Wednesday, April 27, 2022

Gentrification Book Reading Notets

 How To Kill a City: Gentrification, Inequality, and the Fight for the Neighborhood by Peter Moskowitz New York : Nation Books, 2017)

Tiny summary: Capitalism combined with state and federal laws to set us up to value real estate over people. Author documents examples in New Orleans, Detroit, San Francisco and New York.

Author's thesis statement: "In every gentrifying city -- that is, in every city where there is a combination of new coffee shops and condos, hipsters, and families struggling to hang on -- you can usually trace they start of that change not to a few pioneering citysteaders but to a combination of federal, local, and state policies that favor the creation of wealth over the creation of community." (p. 23)

Federal examples:

"Regan cut all nonmilitary spending by the US government by 9.7 percent in his first term, and in his second term cut the Department of Housing and Urban Development's budget by an astonishing 40 percent, hobbling cities' ability to pay for public housing." p. 42 

GI bill's focus on home ownership fostered suburbs, broke habit of multi-generational living

FEMA's failure to serve black New Orleanians post-Katrina

Misc

Quotes Jane Jacobs: "'Private investment shapes cities, but social ideas (and laws) shape private investment. First comes the image of what we want, then the machinery is adapted to turn out that image.'" p. 68

Urbanist Richard Florida with 2002 book The Rise of the Creative Class is a leading force in hyping the creative class at the expense of the poor, working, and even middle class. Emphasis on creating cities or districts that cater to the needs and tastes of this group at the expense of others (who were generally in the districts first). (See section beginning p. 78)

Viral video in San Francisco captured white men bullying Hispanic people off a city soccer field because the former paid for the time and the people who'd always lived in the neighborhood followed the practice of the community. Moskowitz sees this as an example of how "[a]s our cities' landscapes have changed, we have too, increasingly viewing ourselves not as community members with a responsibility to each other but as purchasers of things and experiences.
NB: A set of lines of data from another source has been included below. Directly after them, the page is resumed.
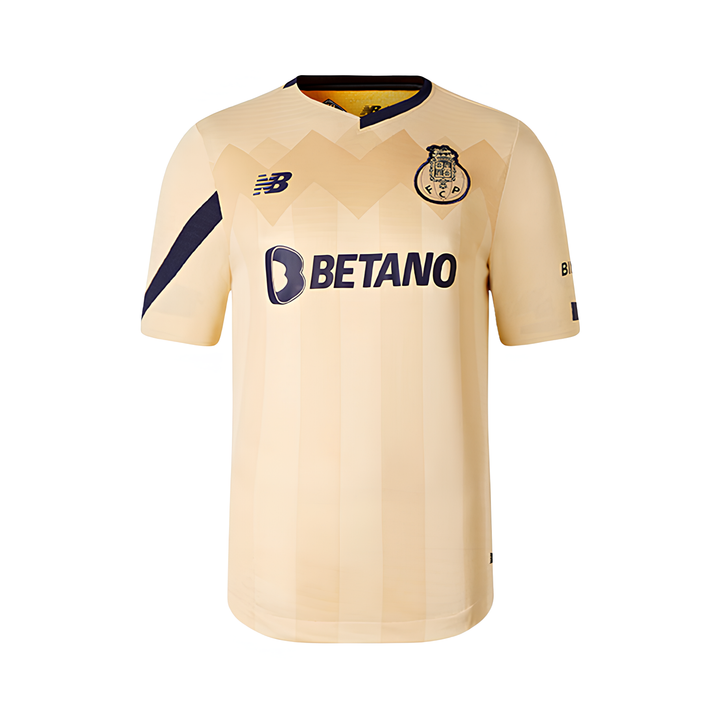 FC Porto Alternative 23/24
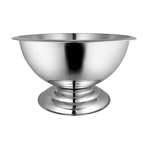 METRO PROFESSIONAL Frapiera Rotunda Inox 40 cm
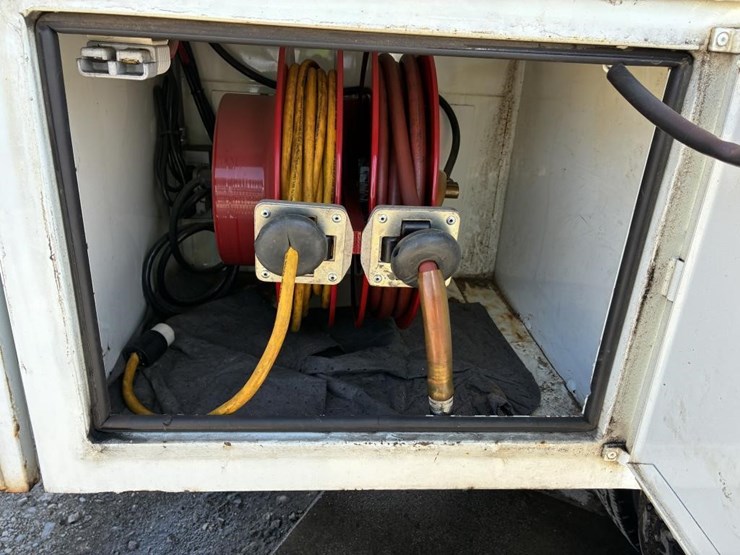 2003-ford-f450-image-16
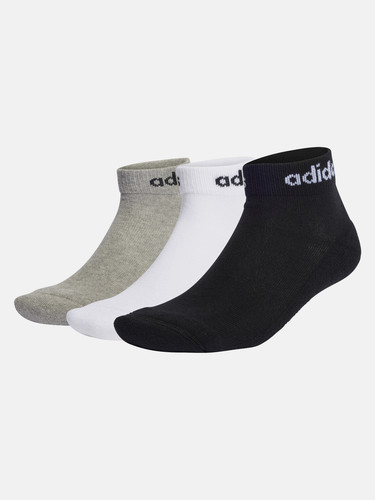 Calzini adidas caviglia - adidas,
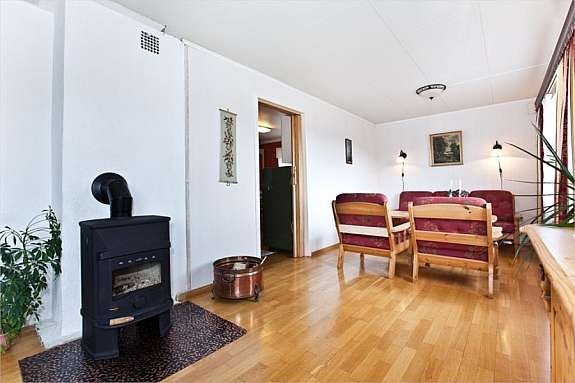 12Stue4 Galleribilde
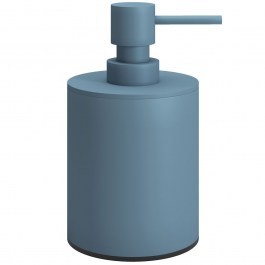 Dispenser 90-923 D8x15cm Matt Ciel Pam&Co CIEL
This is what pissed off Hugo the most -- the idea that these people felt they had more of a right to space than he and his friends; that the amount of times spent in a community and the traditional way of doing things, of accessing public space, did not matter and only money did." (p 136)
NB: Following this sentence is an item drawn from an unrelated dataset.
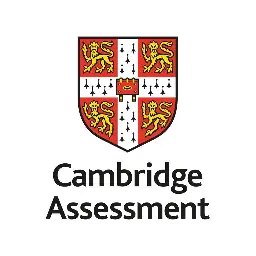 Cambridge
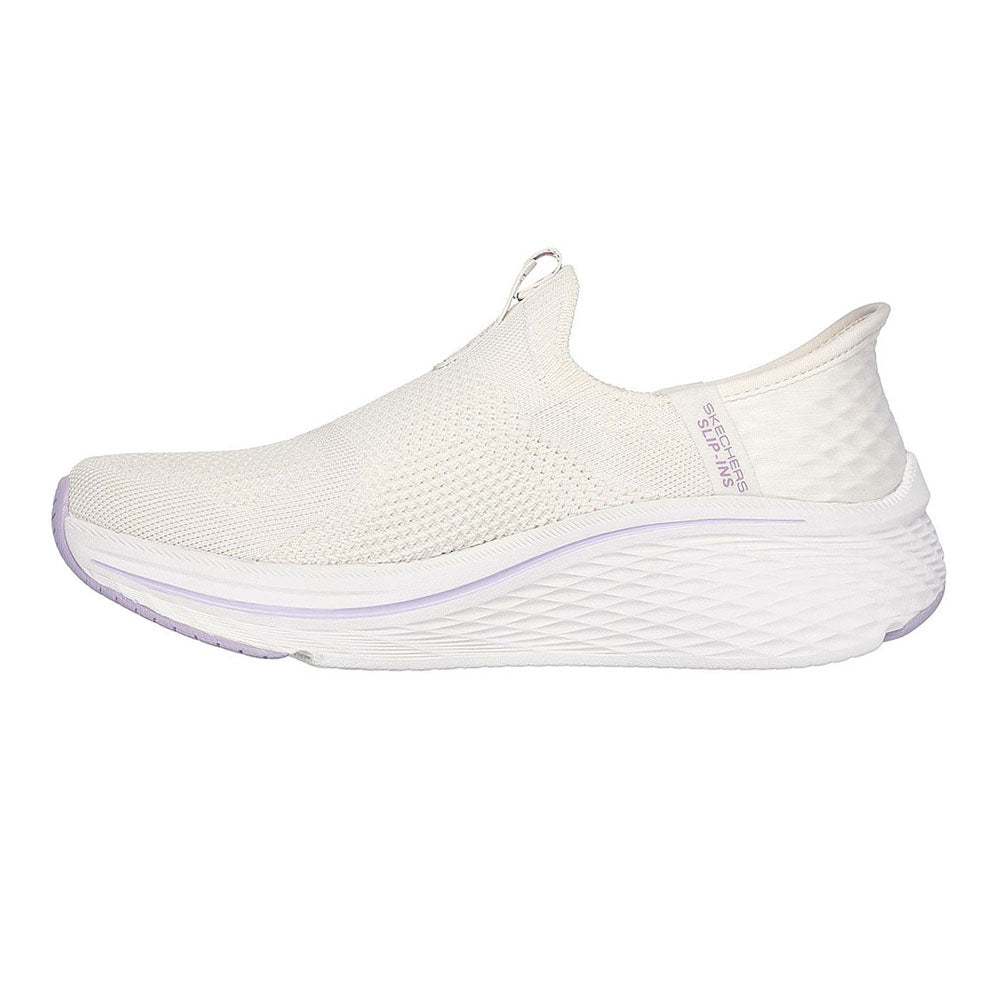 Slip -in: Max đệm Elite 2.0 - vĩnh cửu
"How do you begin to form a tenants movement in a city where many residents feel like consumers of luxury products, not community members?" (p 215)

Local

Tax breaks favor Twitter over small-business owners; they bring in the massive stadium and its team with expensive tickets and demand for mostly service-wages jobs to support it.

Localities put incentives in place for real estate or tech companies rather than making sure people's basic needs met. Once those companies arrive, rents go up and businesses open that cater to richer people meaning people who had been living there have to go further for basic needs. See Detroit's "7.2" (beginning page 91) for example. "The people who are benefiting from all these subsidies -- the gentrifiers of the 7.2 -- do not seem to realize the work that has gone into bringing and keeping them here. They consider themselves cunning pioneers ... ignoring the fact that hundreds of millions of dollars that could be used to keep [Detroit native now displaced] Cheryl West in their homes...." p. 95

"The suburbs were the prototype for gentrification, not aesthetically but economically. Suburbanization was the original American experiment in using real estate to reinvigorate capitalism. Gentrification can be understood as a continuation of that experiment .... The suburbs are also a good reminder that housing, planning, and economic policy in the United States is deliberate, and that its main purpose is to produce money not adequately house people." (p. 147)

Given that urban gentrification pushes poor people to the suburbs, "The suburbs are being reused, reconfigured, and repopulated. They are becoming poorer, and that has wide-ranging implications for policy and the lives of lower income people." (p. 147) 


Moskowitz's concluding suggestions (p 209-13)

Expand, protect, and make accessible public lands. 

Give people an actual say in what happens in their city.

Heavily regulate housing. (e.g. rent control)

Implement a New Deal

End protectionism, add infrastructure. 

Raise taxes, raise wages, spend on the poor.